Ken Weatherley MBE
- Country (sports): Great Britain
- Born: 24 November 1947 (age 77)

Singles
- Career record: 63–91
- Career titles: 1

Grand Slam singles results
- Wimbledon: 1R (1972)

Doubles

Grand Slam doubles results
- Wimbledon: 2R (1972)

= Ken Weatherley =

British tennis player

Kenneth Frank Weatherley (born 24 November 1947) is a British former professional tennis player.
==Career==
He played his first tournament in 1963 at the Palace Hotel Covered Courts Championships in Torquay. Weatherley, a Surrey county player, was educated at the Millfield School and University of Cambridge. He made the main draw of the 1972 Wimbledon Championships.

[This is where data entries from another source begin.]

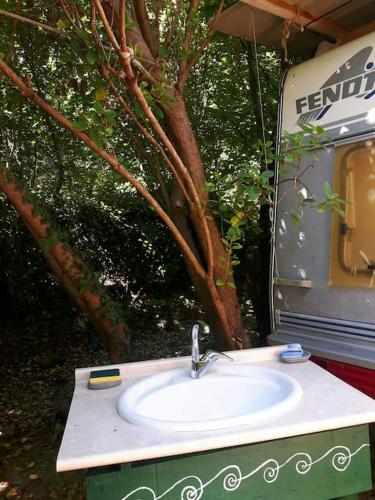 - un lavabo en face d'une caravane de camping dans l'établissement L'Ermitage au sein d'un jardin forêt près de l'océan, à Mimizan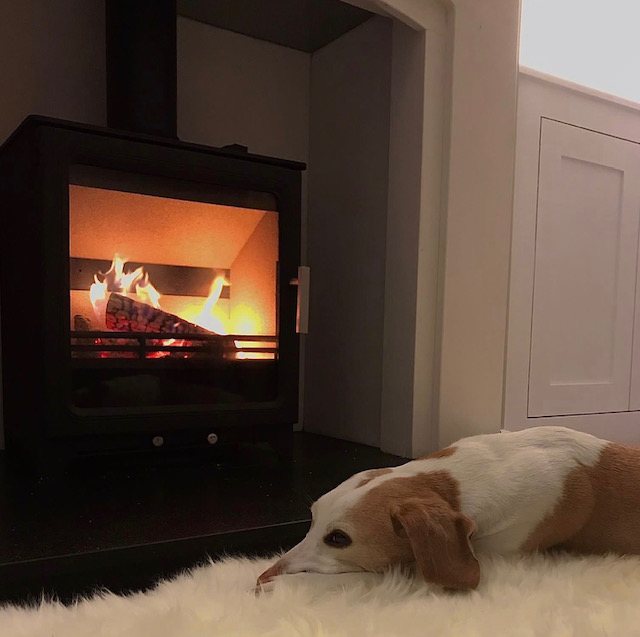 An ACR Woodpecker 5 Plus multi-fuel stove with a natural limestone fireplace and black granite hearth in Menston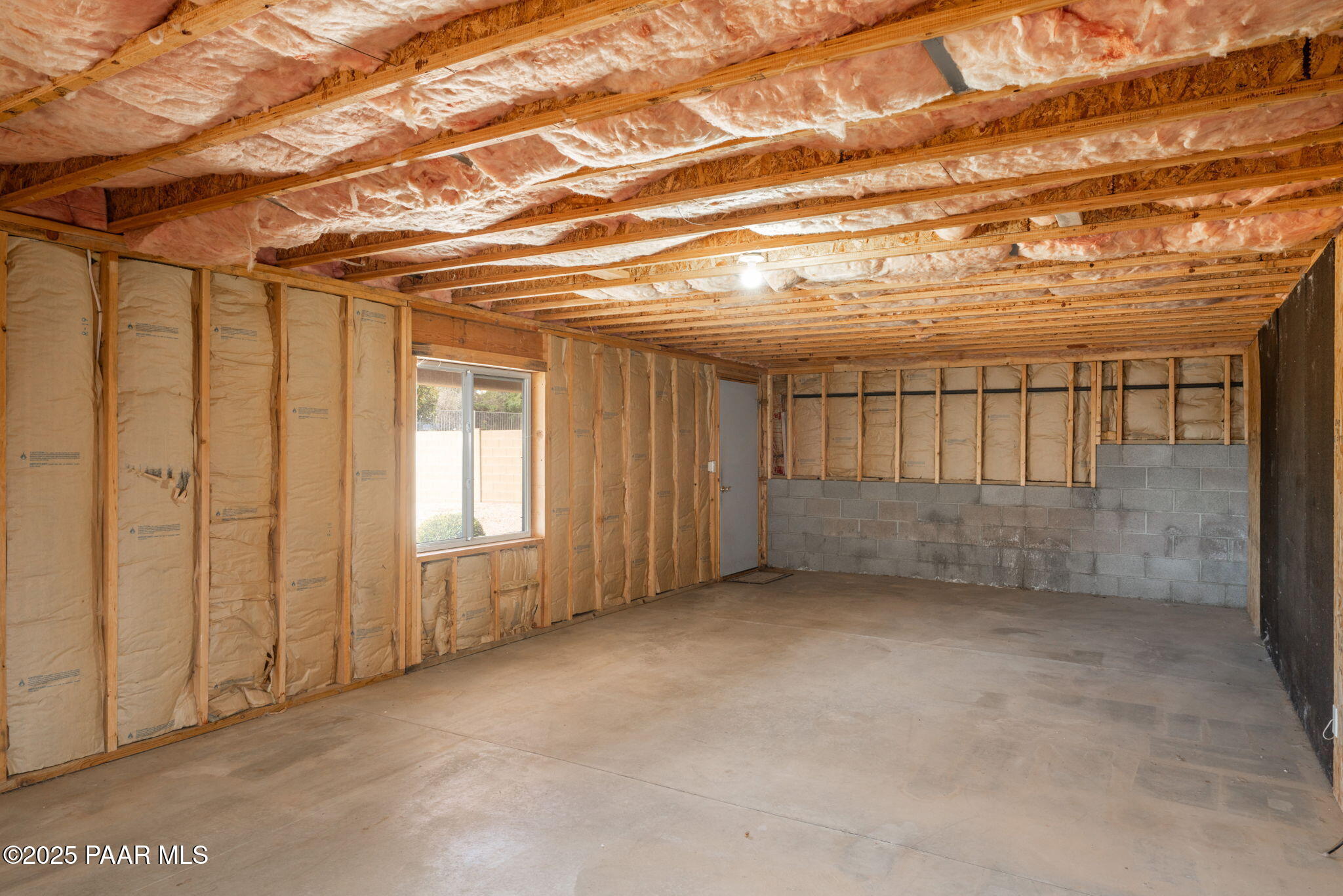 11595 Riata Way Dewey, AZ 86327 - Photo 27 of 44 Basement Storage/Workshop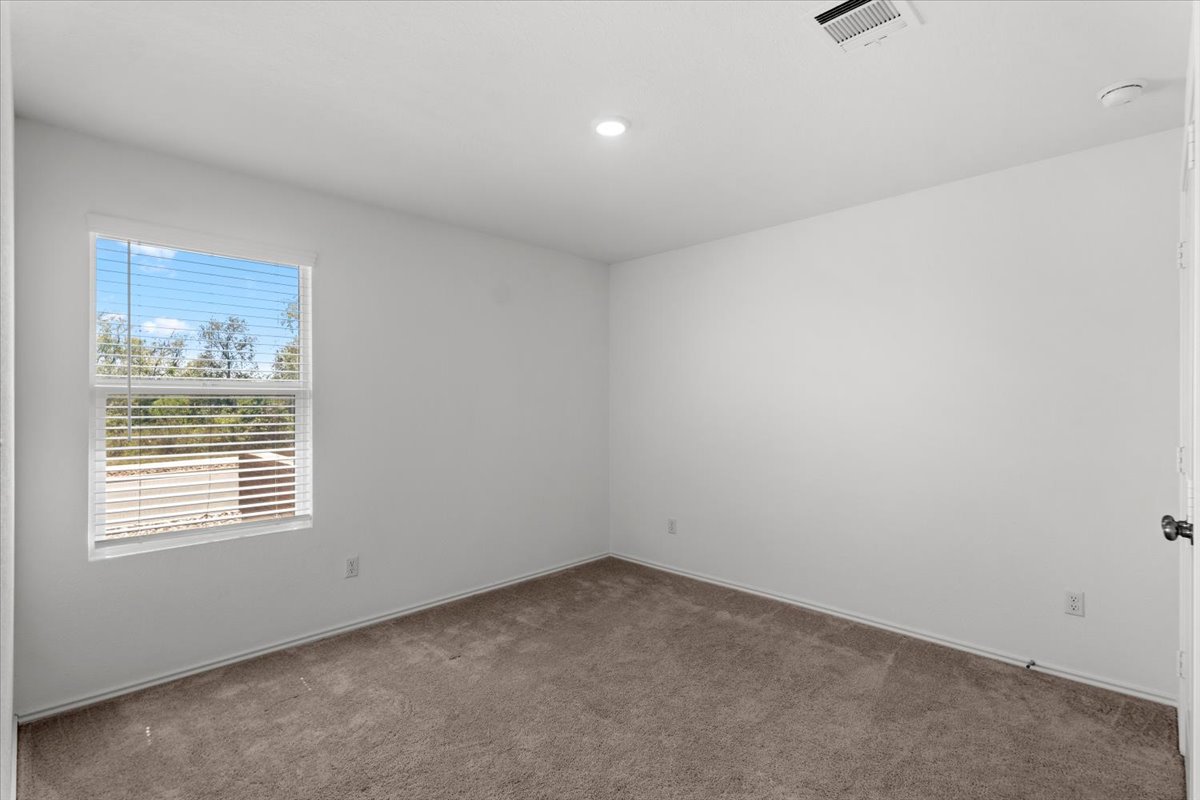 167 Jeffers Kyle, TX 78640 - Photo 14 of 40 an empty room with a window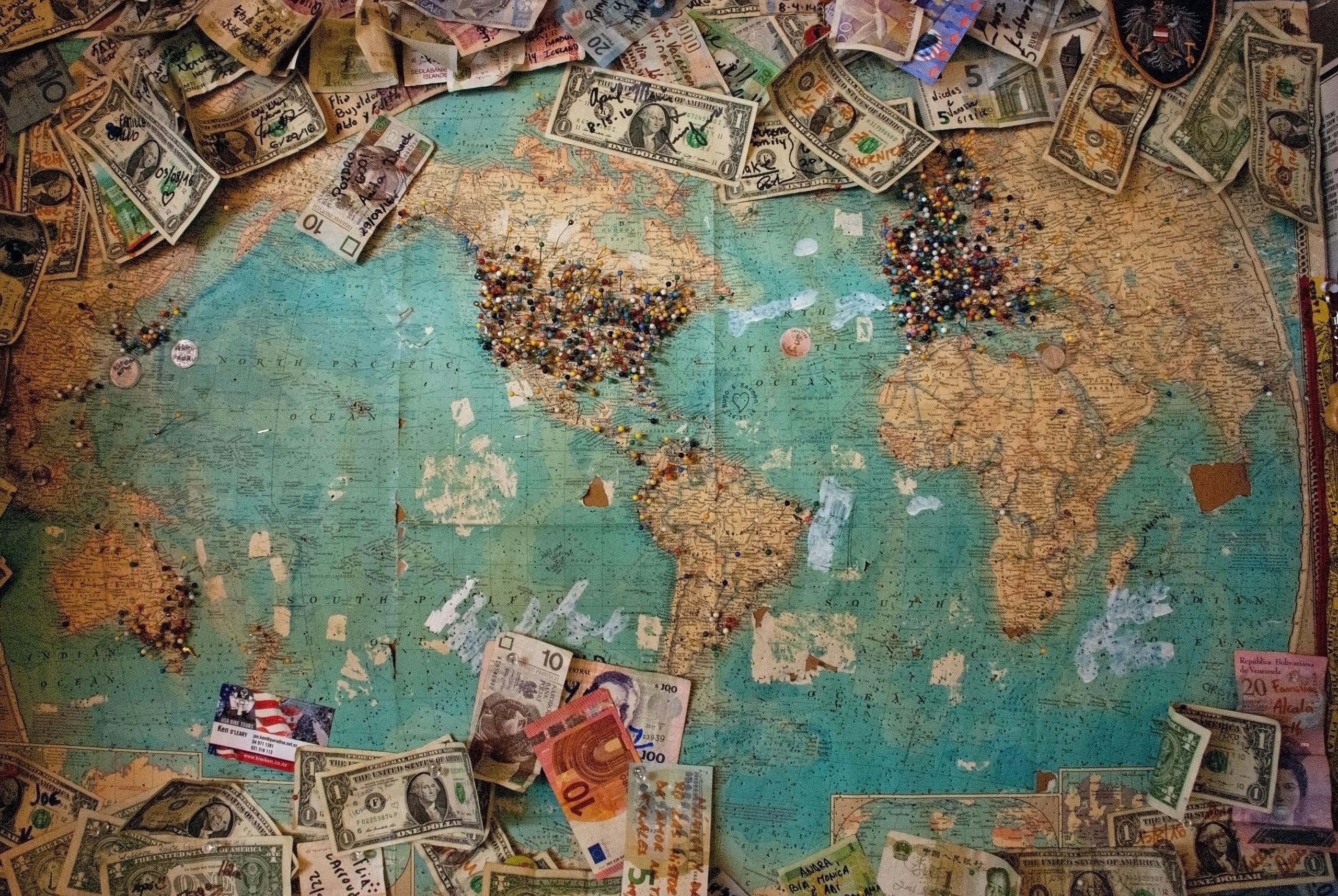 A picture of the world map with the Americas centered and pins marking the major population concentrations, ringed with paper money in various currencies including USD, Euro and GBP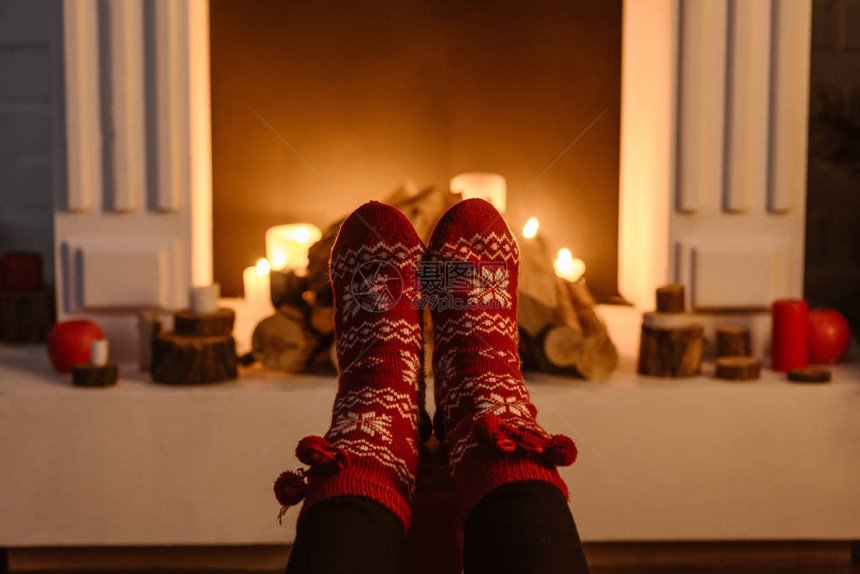 在节日冬季袜子和背景壁炉中妇女图片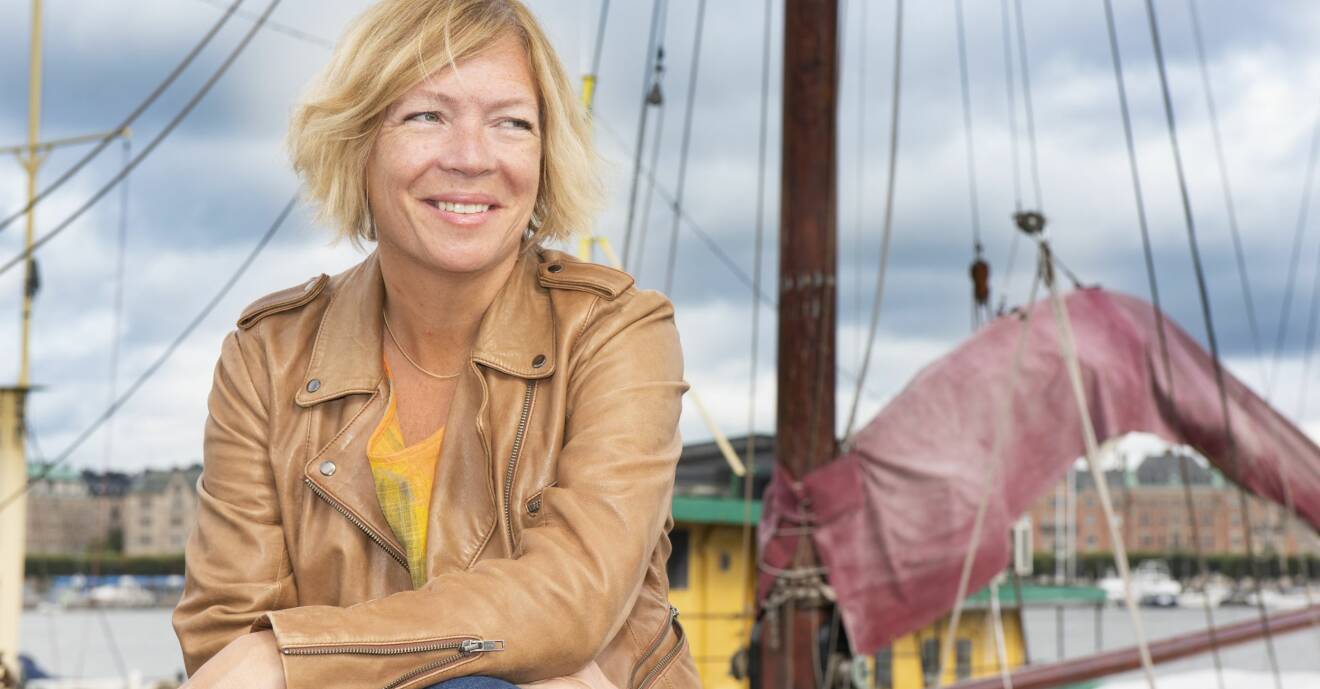 Ann sitter i hamnen i Stockholm och bakom henne syns båtar och hus.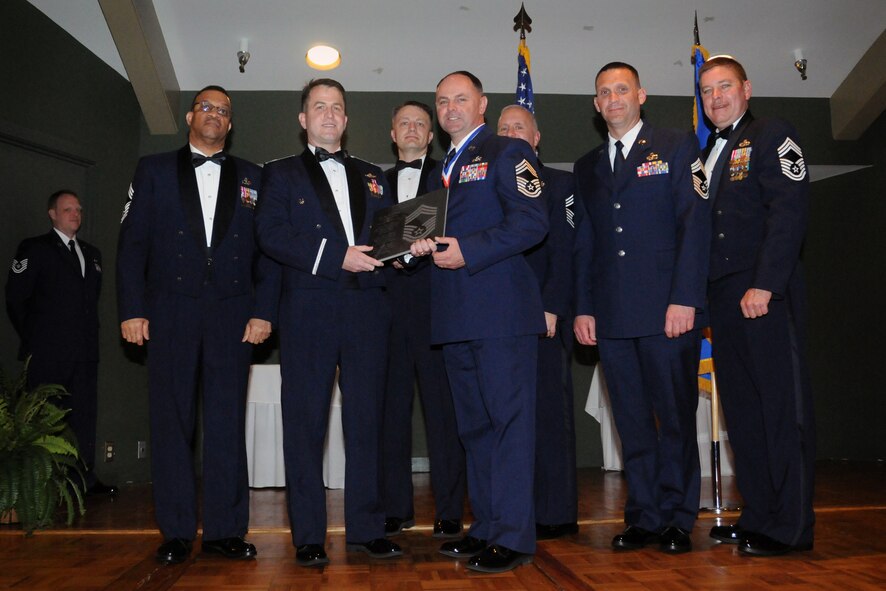 Chief Master Sgt. Gary Smith, 567th Red Horse manager, recieves a promotion plaque from Col. Craig Shenkenberg during an NCO induction ceremony held at Walnut Creek Country Club, March 10. Smith and Shenkenberg were joined on-stage by all chiefs in attendance. (U.S. Air Force photo by Staff Sgt. Alan Abernethy, 916th ARW/PA) 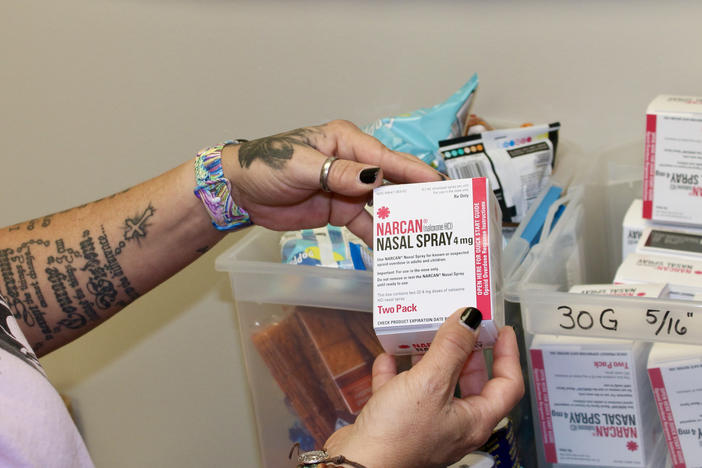 Kelly Hans holds a box of Narcan nasal spray at the county's One-Stop Shop in Austin.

His career singles highlights included winning his one and only title at the Les Diablerets International Championship in Switzerland in 1971. Additionally he was also a finalist at the Grantown-on-Spey Open in 1964. In 1971 he contested four other finals including the Torquay Open where he lost to Premjit Lall, the Ascona International where he lost to John de Mendoza, the Ilkley Open losing to Ray Keldie, and the Israel International Invitation where he was defeated by Hank Irvine. Weatherley played his final singles event in 1977 at the Tally-Ho! Open Tennis Championships.

A former Wimbledon committee member, he founded the charity Tennis First which helps fund young players. He was influential in getting funding for a 12-year old Emma Raducanu.